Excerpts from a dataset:
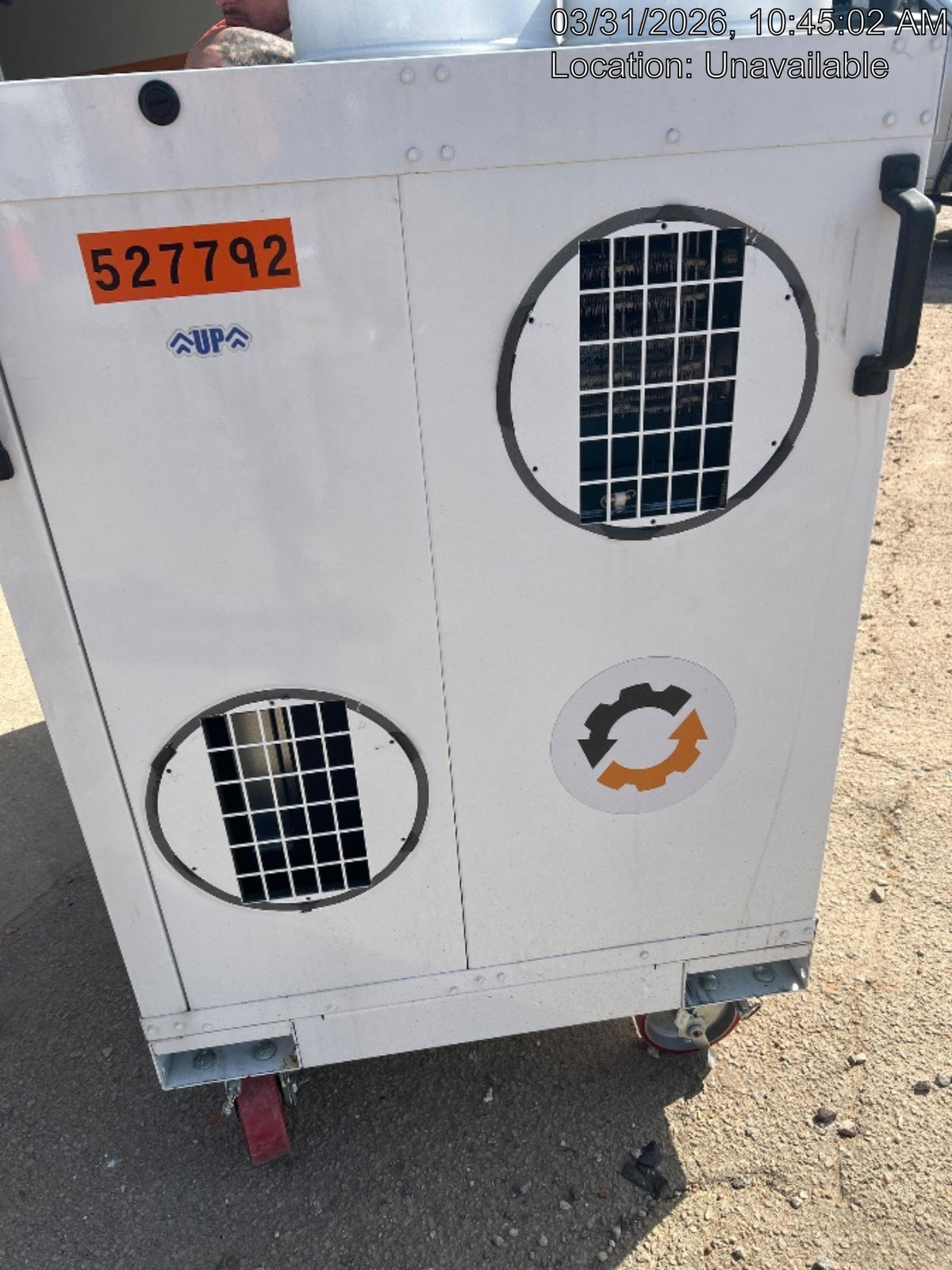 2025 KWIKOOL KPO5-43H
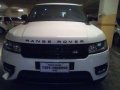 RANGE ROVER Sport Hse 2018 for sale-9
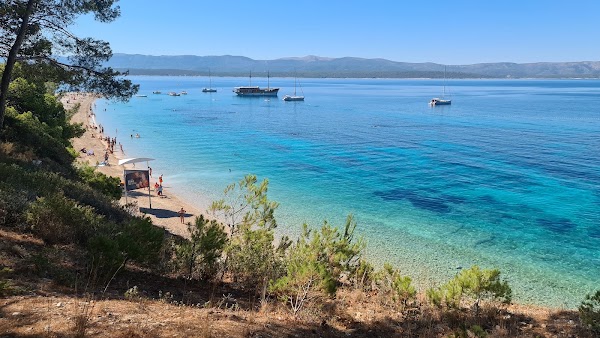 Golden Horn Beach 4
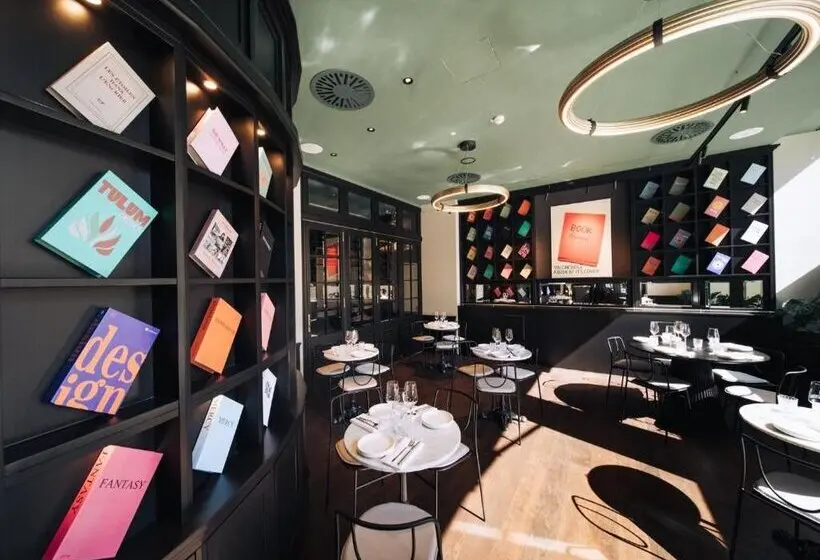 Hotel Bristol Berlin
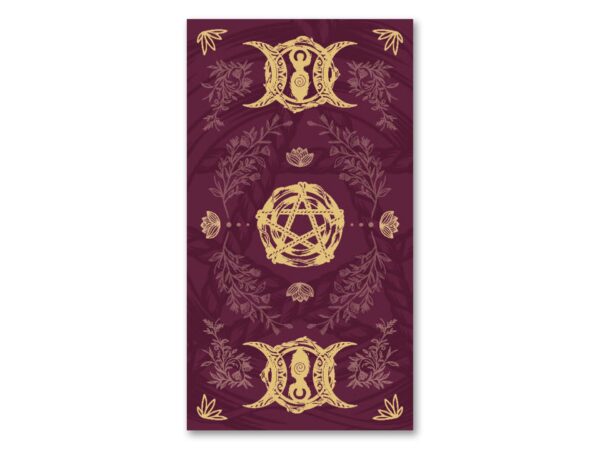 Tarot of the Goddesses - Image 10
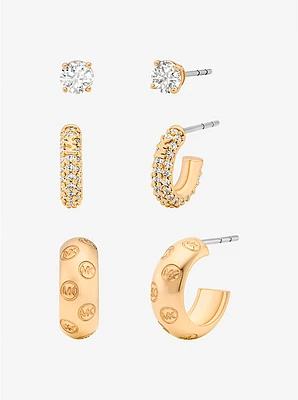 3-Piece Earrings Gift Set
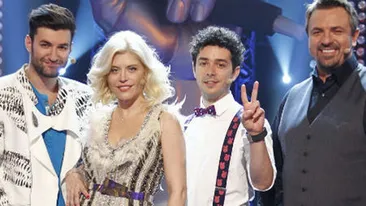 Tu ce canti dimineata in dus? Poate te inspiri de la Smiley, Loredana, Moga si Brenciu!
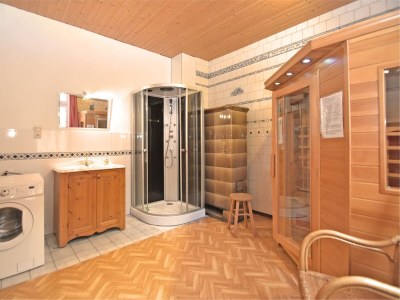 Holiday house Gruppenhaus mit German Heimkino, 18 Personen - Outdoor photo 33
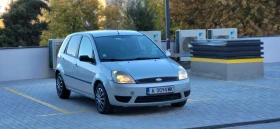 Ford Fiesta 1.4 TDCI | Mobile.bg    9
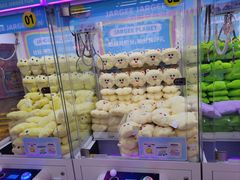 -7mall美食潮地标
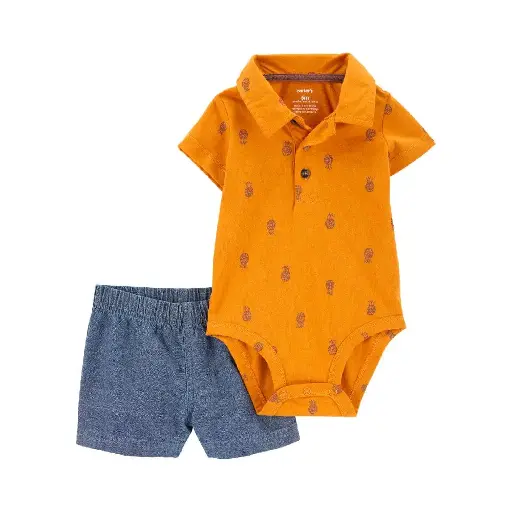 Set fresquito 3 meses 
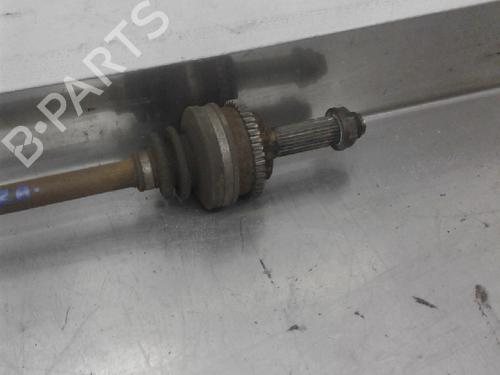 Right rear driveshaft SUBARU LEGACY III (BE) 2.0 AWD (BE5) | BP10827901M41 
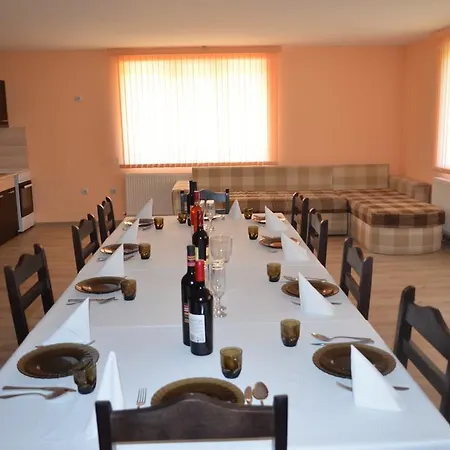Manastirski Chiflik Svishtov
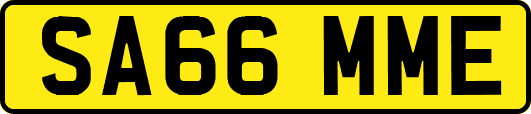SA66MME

WORK TO COMPLETE →
Give again, word for word, the line that contains "-7mall美食潮地标" and every line after it through the end of the entries; omit the pictures.

ANSWER TO THE EXERCISE →
 -7mall美食潮地标
 Set fresquito 3 meses 
 Right rear driveshaft SUBARU LEGACY III (BE) 2.0 AWD (BE5) | BP10827901M41 
Manastirski Chiflik Svishtov
SA66MME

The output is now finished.